# What to produce
The lines in the listing below are to be given again exactly, starting at the line holding "清华特奖答辩杭州,清华历届特奖答辩名单" and ending at the line holding "Details About Adidas". Do not include pictures.

# Material provided

-*-

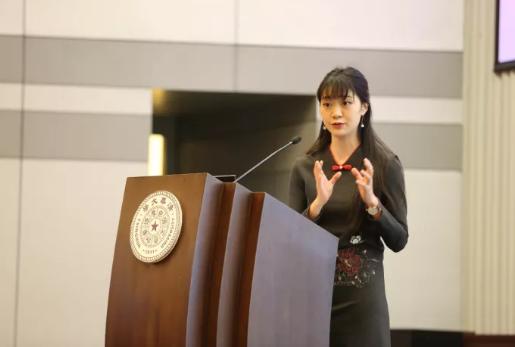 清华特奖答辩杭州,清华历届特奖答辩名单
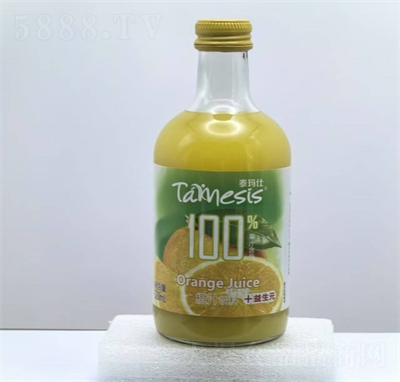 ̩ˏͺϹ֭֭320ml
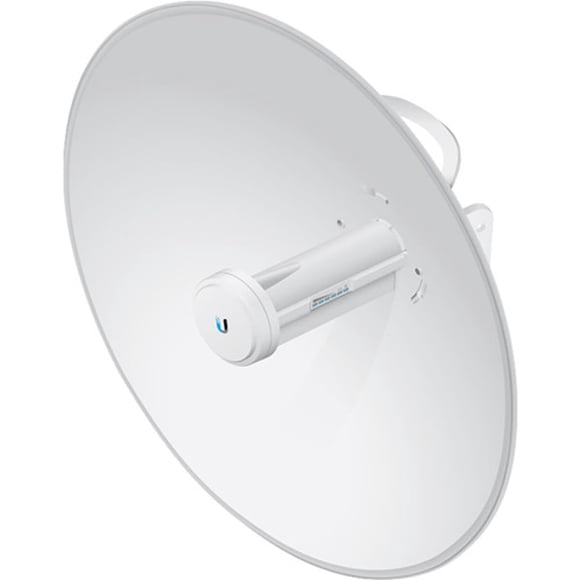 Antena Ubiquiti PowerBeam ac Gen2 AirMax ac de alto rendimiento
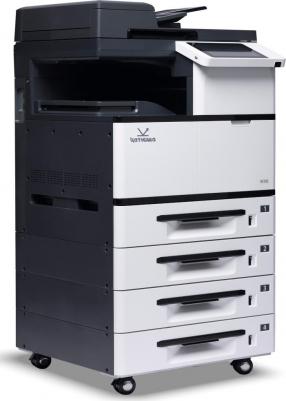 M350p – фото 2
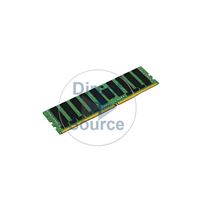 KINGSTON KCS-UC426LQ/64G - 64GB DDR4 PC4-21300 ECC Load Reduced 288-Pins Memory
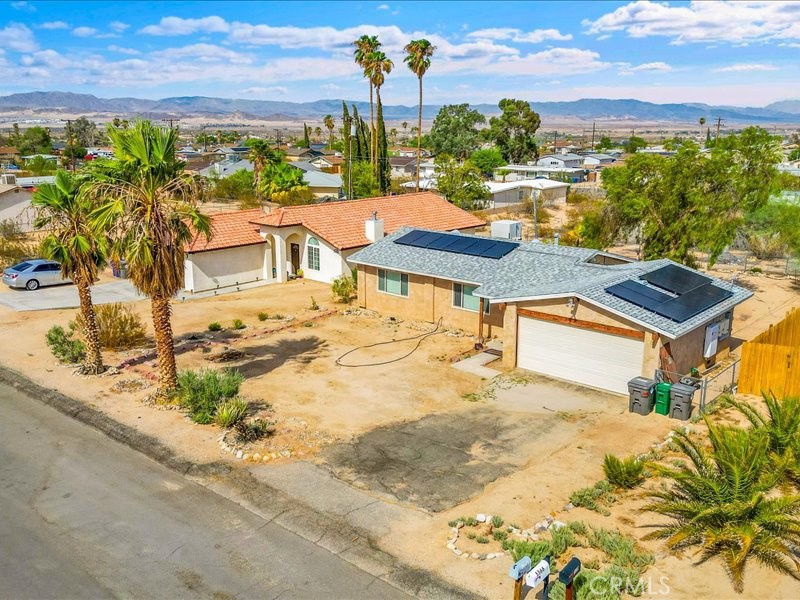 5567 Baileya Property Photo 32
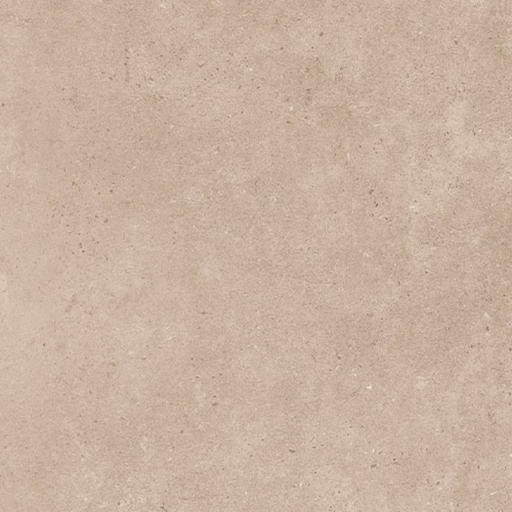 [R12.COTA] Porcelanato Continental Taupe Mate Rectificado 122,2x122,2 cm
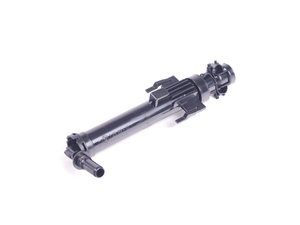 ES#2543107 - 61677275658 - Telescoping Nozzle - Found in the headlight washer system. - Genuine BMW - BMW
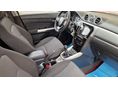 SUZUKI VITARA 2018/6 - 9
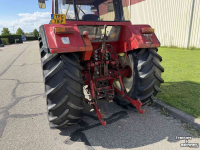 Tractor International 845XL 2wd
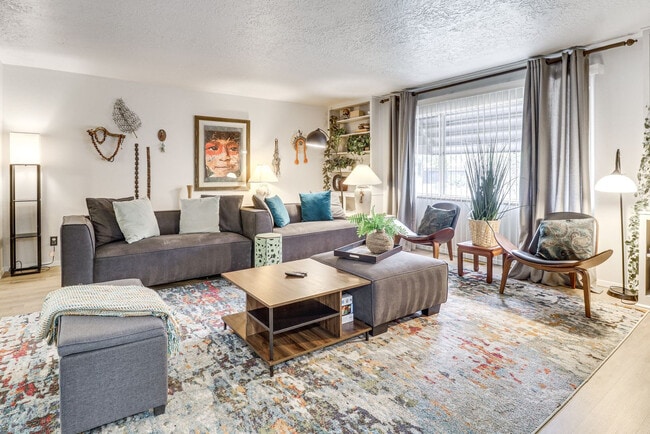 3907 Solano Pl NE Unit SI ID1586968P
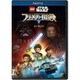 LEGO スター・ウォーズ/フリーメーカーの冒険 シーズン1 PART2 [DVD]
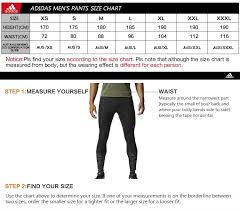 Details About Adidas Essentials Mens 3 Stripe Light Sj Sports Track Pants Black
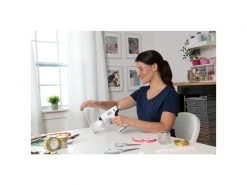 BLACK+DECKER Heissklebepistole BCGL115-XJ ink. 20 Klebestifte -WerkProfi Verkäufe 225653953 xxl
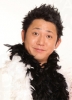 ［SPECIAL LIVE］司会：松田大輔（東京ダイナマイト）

-*-

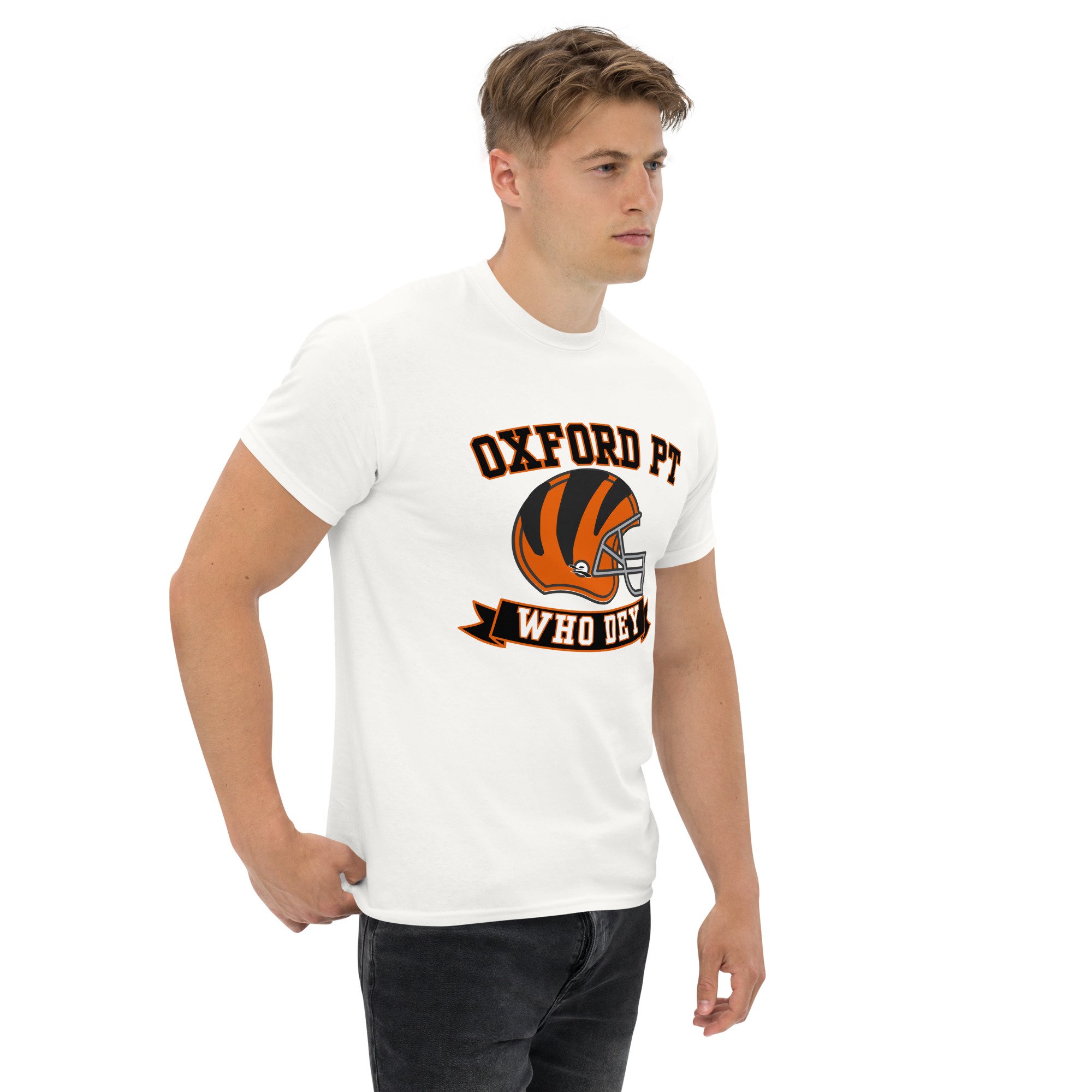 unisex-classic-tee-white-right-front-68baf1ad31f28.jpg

-*-

# Answer for this exercise
 清华特奖答辩杭州,清华历届特奖答辩名单
 ̩ˏͺϹ֭֭320ml
 Antena Ubiquiti PowerBeam ac Gen2 AirMax ac de alto rendimiento
 M350p – фото 2
 KINGSTON KCS-UC426LQ/64G - 64GB DDR4 PC4-21300 ECC Load Reduced 288-Pins Memory
 5567 Baileya Property Photo 32
 [R12.COTA] Porcelanato Continental Taupe Mate Rectificado 122,2x122,2 cm
 ES#2543107 - 61677275658 - Telescoping Nozzle - Found in the headlight washer system. - Genuine BMW - BMW
 SUZUKI VITARA 2018/6 - 9
 Tractor International 845XL 2wd
 3907 Solano Pl NE Unit SI ID1586968P
 LEGO スター・ウォーズ/フリーメーカーの冒険 シーズン1 PART2 [DVD]
 Details About Adidas Essentials Mens 3 Stripe Light Sj Sports Track Pants Black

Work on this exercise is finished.